Through the Whisper Network
March 2020
I heard it first through the whisper network. It was maybe 2009. He was a famous radio personality. He hosted a popular arts and culture show on CBC, Canada’s national broadcaster. He used to be in a quasi-famous band. He started every show with an earnest essay-like utterance, speaking in soft, mellifluous tones directly to the heart, to the truth, of some matter of daily importance. Always erudite, he was a feminist, or at least knew how to virtue signal enough to pass. He was as woke as anyone else in 2009. I heard it first through the whisper network. He was “shitty” to women. Women in arts, culture and media across the country knew this for a long time, told one another to watch out for him, not to go on dates with him, not to be alone with him, not to work for him.

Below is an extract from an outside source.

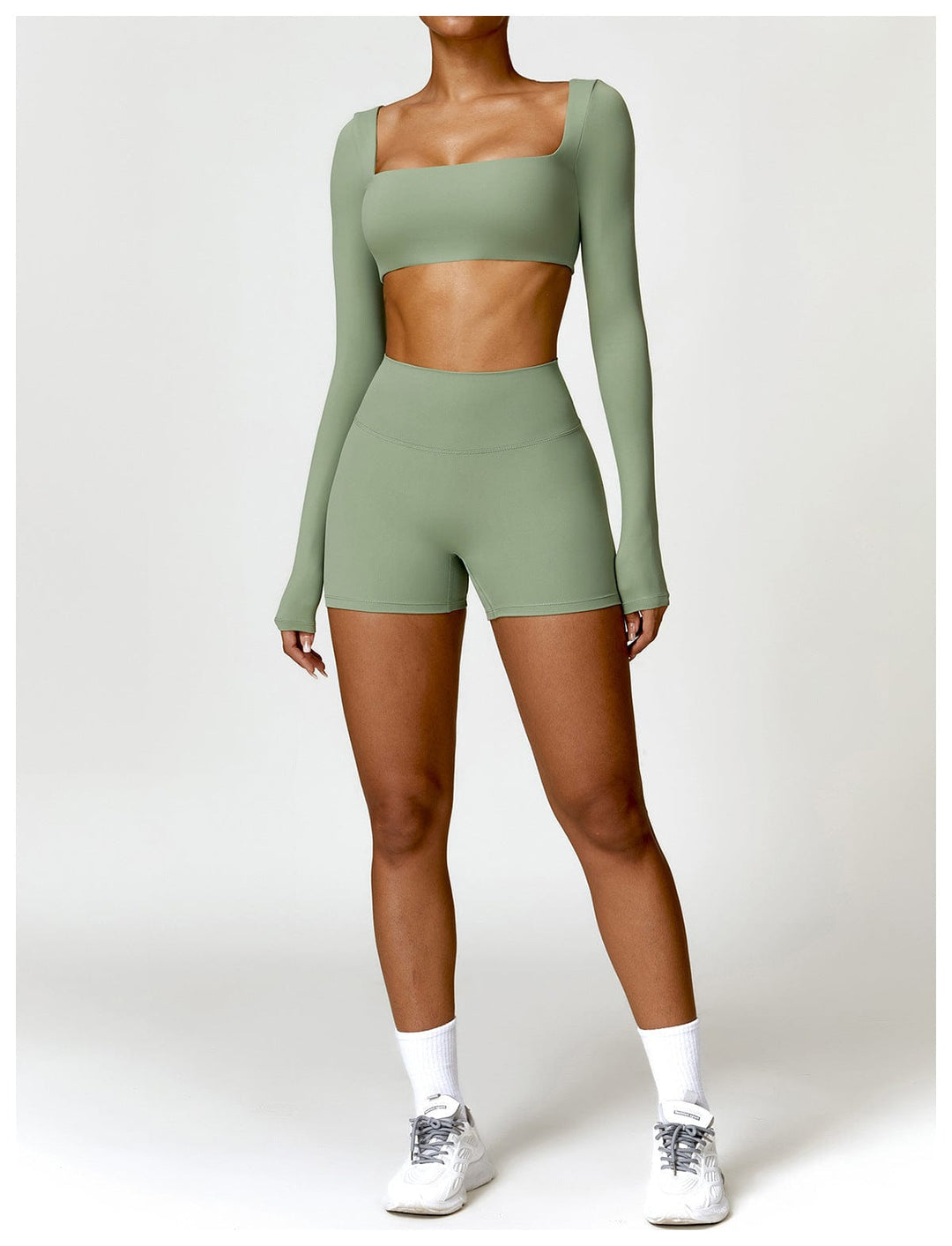 Valantomode | Women's High Waist Hip-Lifting Activewear Shorts for Gym and Sports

No one ever specified exactly why, but we all knew. When Jian Ghomeshi’s reckoning came none of us were surprised.
Why do we whisper? I’ve seen lists posted in the bathrooms of gigs. Been told about assaults in hushed tones while out at a club. Been warned about guys to avoid as recently as two weeks ago.
Ghomeshi’s fall came nearly two years before #metoo and #timesup. Canada’s own Harvey Weinstein. In autumn of 2015 he abruptly made a long and rambling Facebook post citing jealous ex girlfriends, consensual kink and BDSM culture trying desperately to get ahead of the news that followed moments later, that he, one of the crown jewels of the Canadian Broadcasting Corporation, had been unceremoniously fired. The truth became a slippery fish. Women came forward of course, but their truths were not precise. They couldn’t remember the colour of the car he drove on the date when he punched them in the face, or justify why they emailed him a few days after their assault. They liked it. They wanted it. Or if they didn’t they were, at a minimum, opportunistic. Their truths did not constitute evidence, and the courts eventually found him not guilty.

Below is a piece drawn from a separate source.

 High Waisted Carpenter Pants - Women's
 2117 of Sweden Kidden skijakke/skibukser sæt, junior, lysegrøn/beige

Why do we whisper? Why do we tell the truth only to each other in hushed tones? In private places, lips to ear.
Who wants to hear the truth about the truth-teller? That monolithic identity that implies some kind of impeachability. That denies the intersectionalities of our existence, or only recognizes a singular set of power relations.

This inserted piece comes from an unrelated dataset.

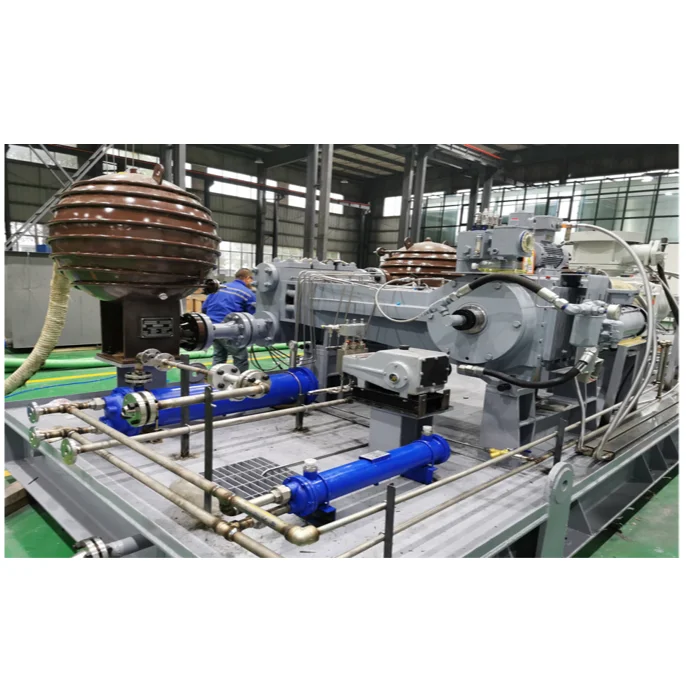 stainless steel alloy steel 2400HP High pressure hydraulic Triplex plunger pump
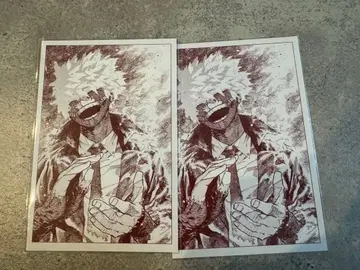 나의 히어로 아카데미아 히로아카 원화전 캔 엽서 다비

What happens when truth transcends the individual, when it lies within our collective experience? When our truths are held not by one mind but across the stories of many? When we are socialized to not recognize the truth of a situation? To call assault a “bad date” or just “bad sex.” To try to forget that it ever happened. These truths form a pit, a hole, a void, an absent part. A lacuna.
Our truth lies here, in this empty space between us.